One other note about the walking stick. It is tradition not to let the walking stick touch the ground whenever you are crossing a bridge. This tradition comes from the fact that Kōbō Daishi was forced to sleep under a bridge one night (see information for Bangai Temple 8) because he couldn't find lodging anywhere else. The Daishi's spirit still sleeps under bridges along the trail, as the story goes, and while crossing those bridges your walking stick will make a lot of noise and disturb him - if you let it touch the ground. On bridges, hold the kongō tsue off the ground.
I'm still using the same bag i bought back in '99 when i knew nothing about the henro and i have always called it a fudabasami. Looking at a catalog as i type this, though, i see that what i have is a zutabukuro. It's a smaller white cotton bag (half the size of what Tom has in the picture above), with the long neck strap but no internal pockets or compartments, and with velcro holding a flap closed over the top so nothing falls out. On the front of that flap are the words Dōgyō Ninin and the Sanskrit character (bonji or shushi) associated with Kōbō Daishi. I prefer my zutabukuro because it is noticably smaller than the typical fudabasami — just big enough for my nōkyōchō, the map book, candles, incense, osamefuda, and whatever candy i receive as settai from time to time. There is no extra room, and yes, stuff does get crumpled, broken, etc. from time to time.
Of course, there are other items that a completely outfitted henro can carry, but anything in addition to what is listed above seems to be extra.
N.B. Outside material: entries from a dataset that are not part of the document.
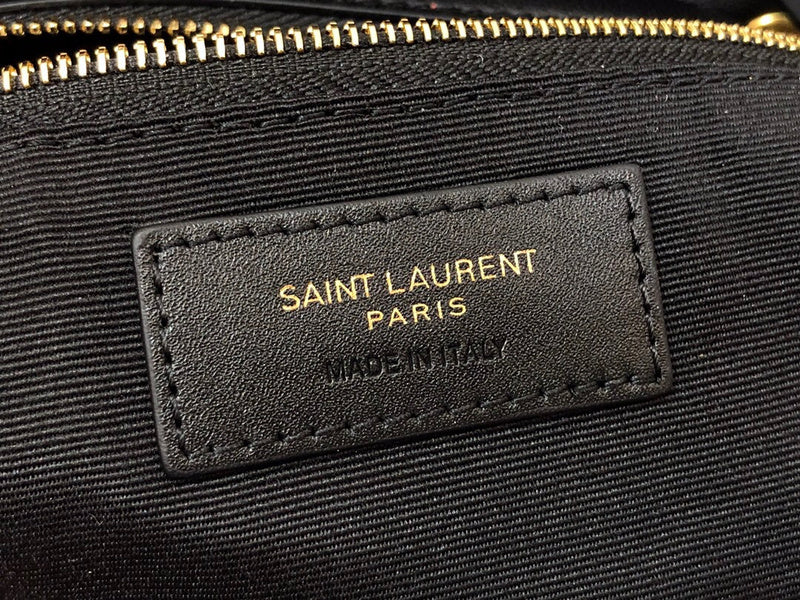 Amelia - YSL Bag - 3674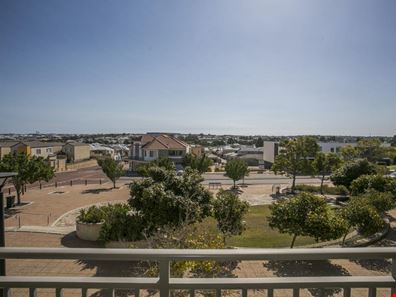 16/10 Pavonia Link, Clarkson WA 6030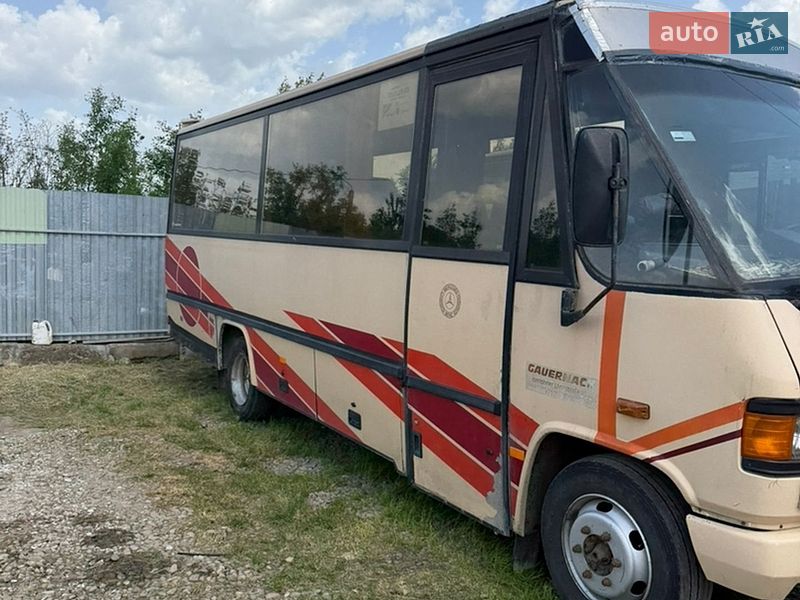 Пригородный автобус Mercedes-Benz T2 1994 в Ивано-Франковске Пригородный автобус Mercedes-Benz T2 1994 в Ивано-Франковске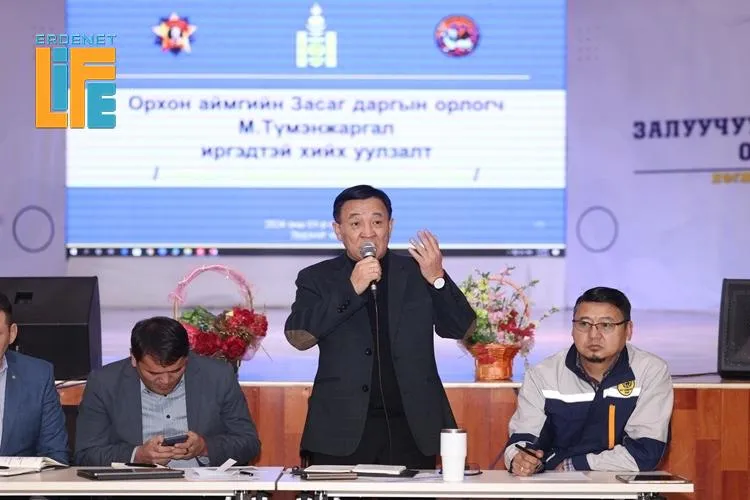 Иргэдийн үгийг сонсож иргэдэд ажлаа тайлагнах уулзалтууд үргэлжилсээр...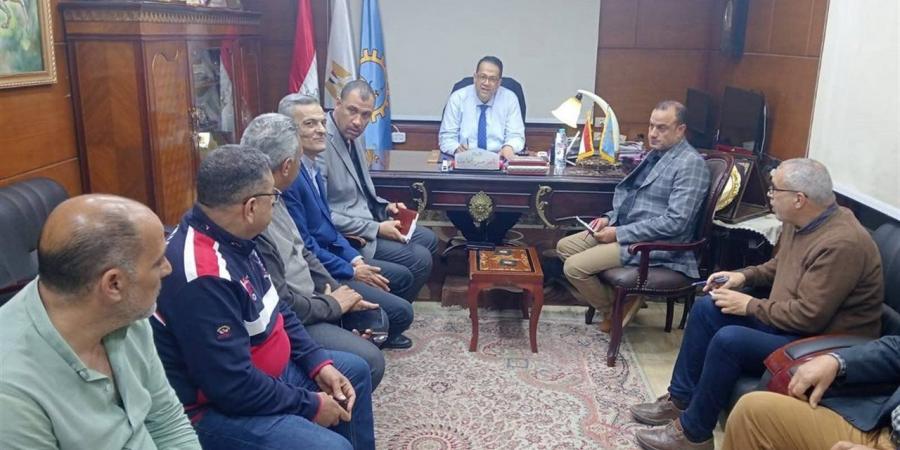 وكيل تعليم الغربية يجتمع برؤساء لجان الدبلومات الفنية بقطاع طنطا لمناقشة آليات العمل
These "extra" could include: a buddhist rosary (juzu or nenju) for use at the temples (Some people carry it wrapped around one of their wrists throughout the day); tekō, cotton covers worn over the back of the hands; kyahan, cotton gaiters to cover your ankles and the top of your boots; and even possibly jikatabi, white, cotton socks with a pocket for each toe, worn when you also wear waraji, straw sandals, instead of boots.
Let me stress, though, that you don't need to carry or wear any of the above to be a henro. What i have listed above is simply what has come down through history as the traditional dress. A i mentioned on the previous page, one of the nice things about this pilgrimage is that there is nothing that is considered right or wrong. Anything you wear can be considered more or less traditional, but not wrong. I wore a light colored hat, but not the henro hat. In 1999 i didn't carry the fuda-basami as i kept everything in my back pack, although starting in 2004 i did carry one. In 1999 i didn't wear a bell on my belt, but i did starting in 2005. When i was on the trail i saw several henro in non-traditional garb, including some in blue jeans.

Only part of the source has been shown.